Today I saw my orthodontist again. At the end of it he said he wants to SHAKE the surgeons for getting my top jaw off to the side, that they should be obsessive-compulsive about getting it right! And earlier when I said that I'd told my (main) surgeon 2 days post-op that I thought the midline was off to the side, and that he'd said it just looked that way due to swelling, he also made a comment about them just saying things like that as excuses (or to that effect, I can't remember his exact words).
Gosh. I didn't know what to say. I'm glad he shares my disappointment but I would rather not be aware of dissent between surgeon and orthodontist. I just want them to get it right. I wish they would sit down together and talk about it so at least I'd feel sure they were on the same track.
I got the feeling that he thought that the surgeon should have realised the midline was off when I pointed it out and taken me right back to theatre.
BUT I must point out: neither he nor the surgeon picked up on the midline problem. They only got onto it now because I pointed it out. That is WRONG!!! I could see it the whole time but stayed quiet because I forced myself to trust that it was just the swelling.
Really I am more convinced than ever that you can't just trust health professionals totally. I couldn't help anything here but we really have to look after our own health because there is no one you can totally trust to pick up the pieces.
Basically the orthodontist feels that he is left to clean up the mess, and has only very limited techniques at his disposal compared to a cut-and-shift.
So can he help get the midline thing right? He thinks he can improve it but it will take some time and wearing of a band configuration which is a bit of a pain.
He thinks that the top jaw is not just off to the right slightly (approx 1mm), but skewed around on its axis slightly. That is why when I close my jaw in its central position the teeth all fit nicely on the left but not on the right. There are a couple of cusps banging on the right. However I don't quite follow the argument that the skewing is the reason for the banging, because the surgeons fixed my lower jaw to my already newly fixed top jaw, so presumably the lower jaw is slightly skewed also and should therefore fit the top one. (I only thought of that while driving home).

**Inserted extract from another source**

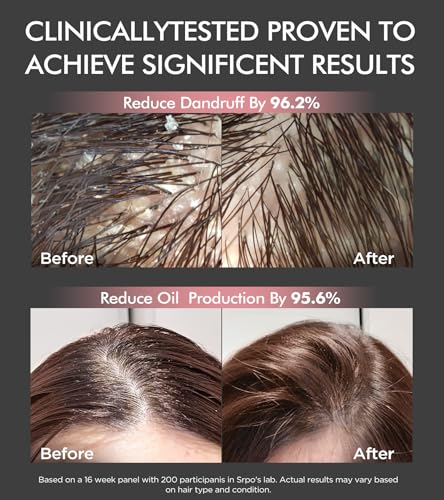 Tripeptide-Infused Hair Growth Biotin Shampoo and Conditioner Set, Onion Anti-Loss Volumizing Moisturizing Treatment for Soft Shine Hair, Rosemary Clarifying Dandruff Shampoo for Women Men, 2 x 16.9oz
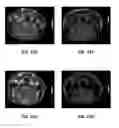 Fig. 23 - MRI imaging of amyloid plaque using liposomes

So now I'm wearing one bizarre band only. I have a bracket on the inside of a top molar, with a band going from it to the outside of the molar below it, so when I close my teeth I'm biting on the band. This is meant to move the top molars on that side outwards a bit so their outer cusps no longer bang on the cusps of the lower teeth. He seems fairly confident that will work.
Then after that he works on moving the midline over.
Goodness knows how much longer I'll be in braces!
Recently whenever I've seen my orthodontist I come home feeling like there's a disaster. Then I see him again and it's somehow passed for him! I suppose that's just his personality.
Before this surgery I spent lots of time visualising a perfect outcome. Is this life teaching me that nothing is ever perfect? One of my main emphases (is that a word?) was lack of numbness. That worked well. But things happen that you'd never predict.
The people I've showed the off midline to all say you'd never ever notice it unless it was pointed out. Personally I could definitely live with it if I had to ... but not the banging cusps. I know they'd just wear away over the years and cause pain and dental problems. They have to be fixed.